When I first started out in my nonprofit career, I was constantly praised for implementing all the neat stuff I’d learned in grad school. “This is how you write a grant proposal,” I would say to organizations that needed help building their capacity. Not once did I broach a conversation with them about why they were using problematic language. Not once did I question the status quo.

In the “real” world of nonprofit management, I had lost a bit of my idealistic college fire. I had forgotten that I’d come to the sector not just to build better organizations, but to build a better world. I had forgotten that I’d come here in pursuit of truth with a capital “T.”

But after a while, I did begin to ask questions. Why do we do what we do the way we do it? Why do we say one thing in the staff meeting and another in the fundraising meeting? Why do we have to kiss so and so politico’s ass when they clearly don’t give a damn about the people we serve? Why aren’t we using our power to compel the community to action? Why are there so many white people in nonprofit leadership positions when so much of our work is serving communities of color?

I learned the answers to these questions and more very quickly. The easy answer? Because that’s just the way it is and always will be. The more nuanced one? Because no one wants to rock the boat with their boards, with their “friends” inside the City Council or the White House, with their funders. Especially with their funders. It’s much easier to obey.

Just ask DC Central Kitchen president Robert Egger, who has been trying to mobilize his colleagues around the country to change the way we do the work of social change for many years now. He even wrote a book about it. He even started the V3 Campaign to help them do it. Yet many people in the sector consider him a “rebel.” I’ve heard people whisper in the conference hallways that they wish he would get off his soapbox.

I want to ask them why they don’t have a soapbox. Why are they not asking the questions?

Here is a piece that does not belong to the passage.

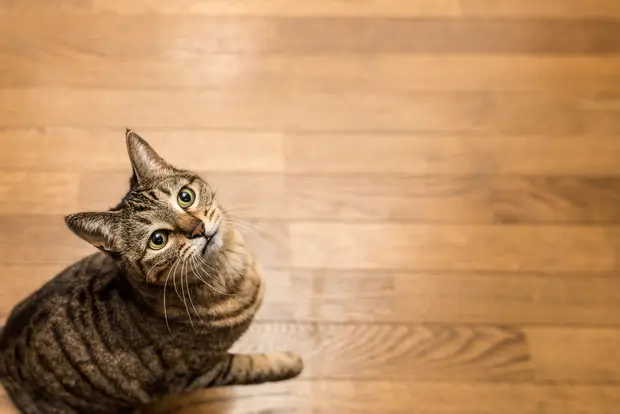 フローリングの床を歩く猫
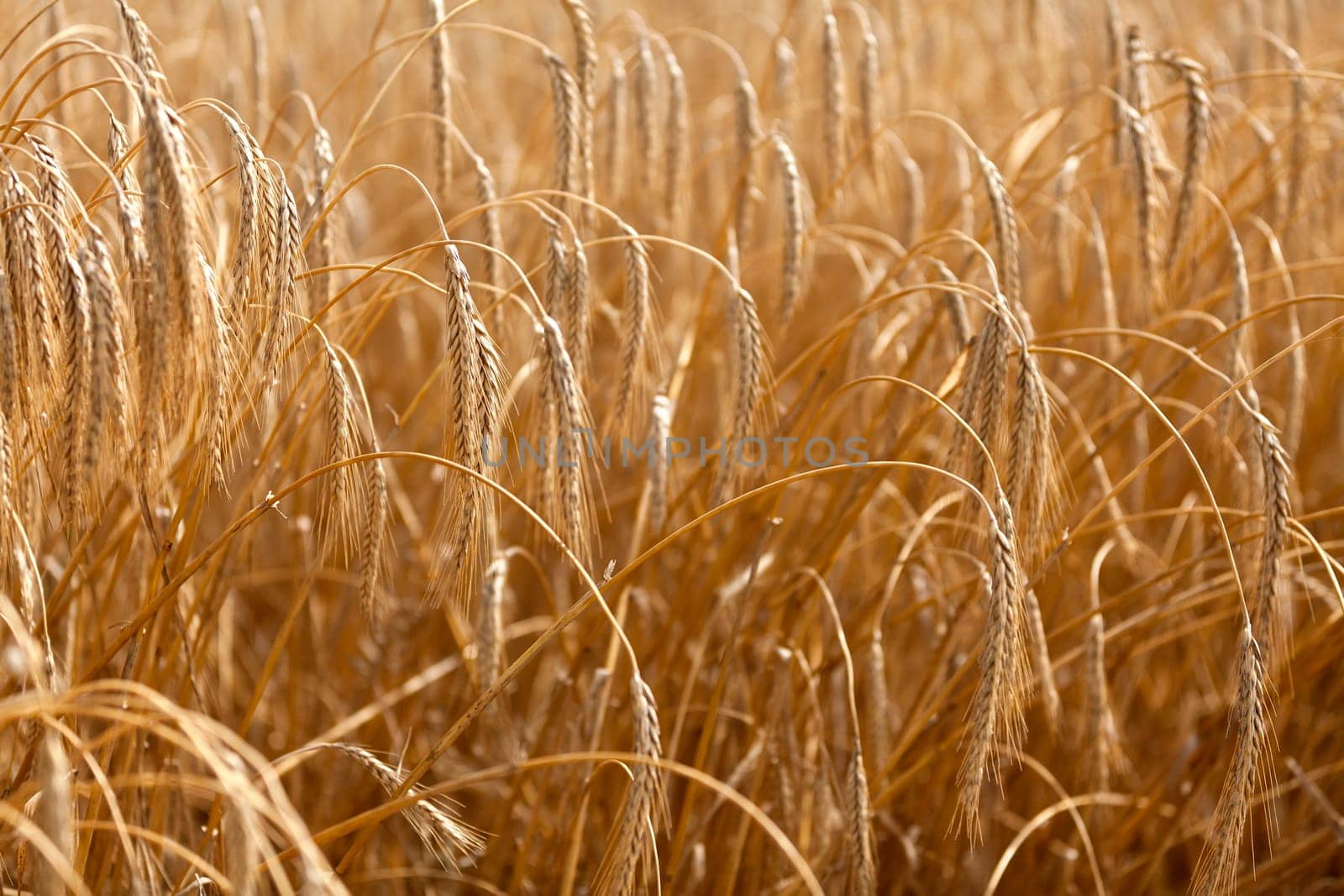 Detail of wheat or Triticum plant showing blurred remainder of harvest and crop in the background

Isn’t that what being an “independent sector” is all about?

I suspect that the reason that Marian treasured her time with Howard Zinn so much is because very few people do what he did. Very few people are in the business of questioning. The ones that do? Well, we call them rebels. We don’t let them sit at the big kid’s table. We kick them out of the White House.

You will say that I’m naive. I am not. I get the whole money, politics, power thing, I do. I see how it affects nonprofit organizations. It’s a hard line. Sometimes we’re stuck between a rock and a hard place. But I want to see us lead from that hard place.

Because unless we do, we become merely keepers of the status quo. We become cogs in a broken wheel. And yes, we know that it’s broken. We see it coming off its hinges before our very eyes. We just don’t want to ask the hard questions that could lead us to fixing it.